At the National Museum of American Art
Really good posters have a way of sticking with us. A few, perhaps rolled up and dog-eared, have been just too hard to toss out as we pack and unpack our way through life. What New Yorker doesn't remember the priceless advertisement for rye bread — "You don't have to be Jewish to love Levy's" — that brightened grimy subway platforms for years? Or how about the '60s rock posters from the Fillmore and other San Francisco haunts, hawking concerts by Jefferson Airplane, the Grateful Dead, Jimi Hendrix and other legends of that psychedelic decade?

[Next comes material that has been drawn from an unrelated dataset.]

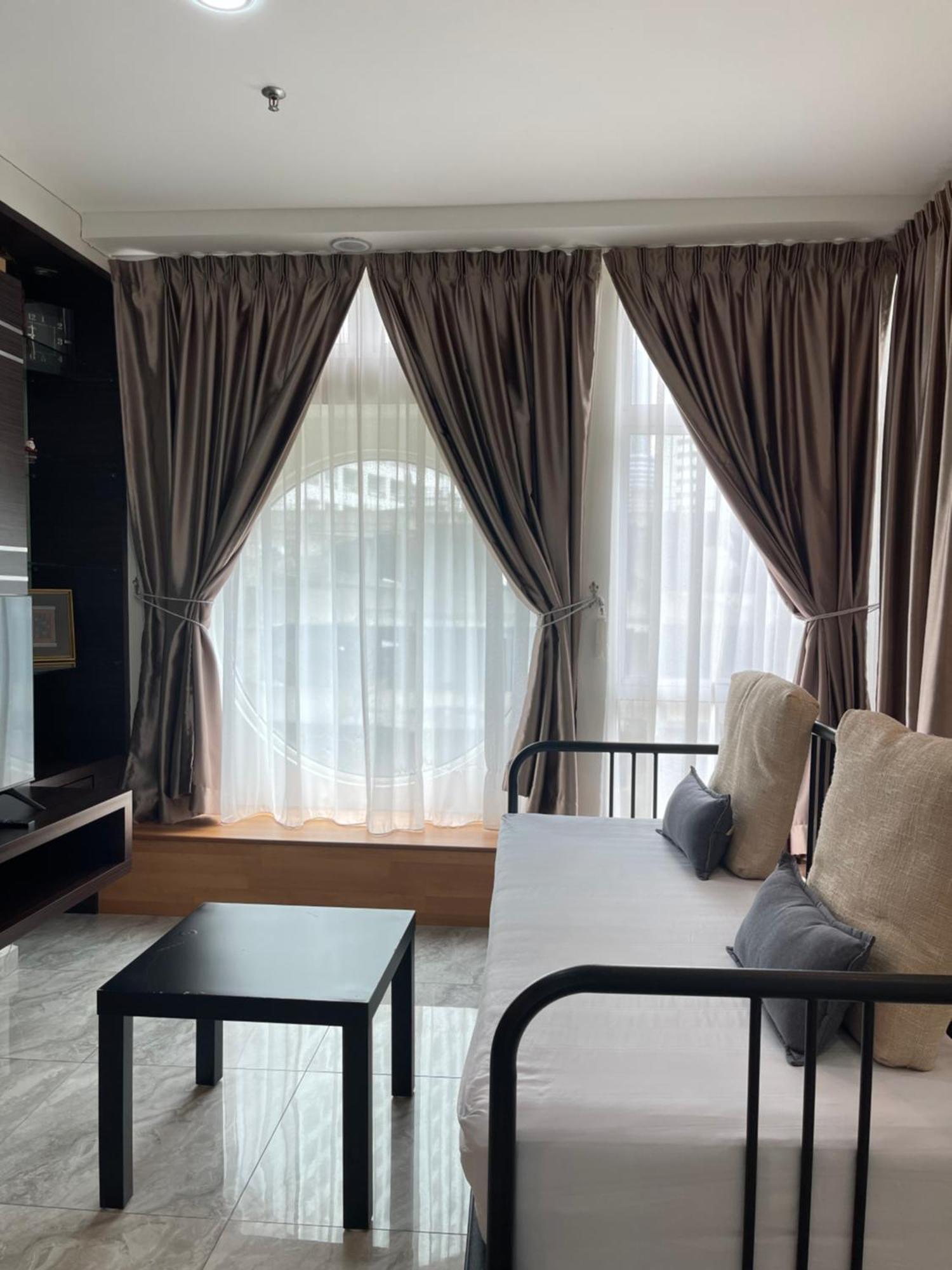 Parkview Suite Klcc, Myhomey Куала Лумпур Екстериор снимка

These are among the 120 classic posters — once considered ephemera, now considered collectibles — in an exhibition entitled "Posters American Style" at the National Museum of American Art (the show will later travel). Guest-curated by Therese Thau Heyman, who also wrote the exhibition catalogue, the show covers the century from 1895 to 1995. The posters shown here were the kickoff, as inventive graphic artists such as Maxfield Parrish (whose 1897 lithograph for the Adlake Camera is shown below), Arthur Wesley Dow, Florence Lundborg and Edward Penfield borrowed freely from Art Nouveau, Japanese design and photography. They set the aesthetic bar very high for their successors; come to the exhibition and judge for yourself whether they measured up.
And, in the meantime, where did you stuff those rolled-up old posters the last time you moved?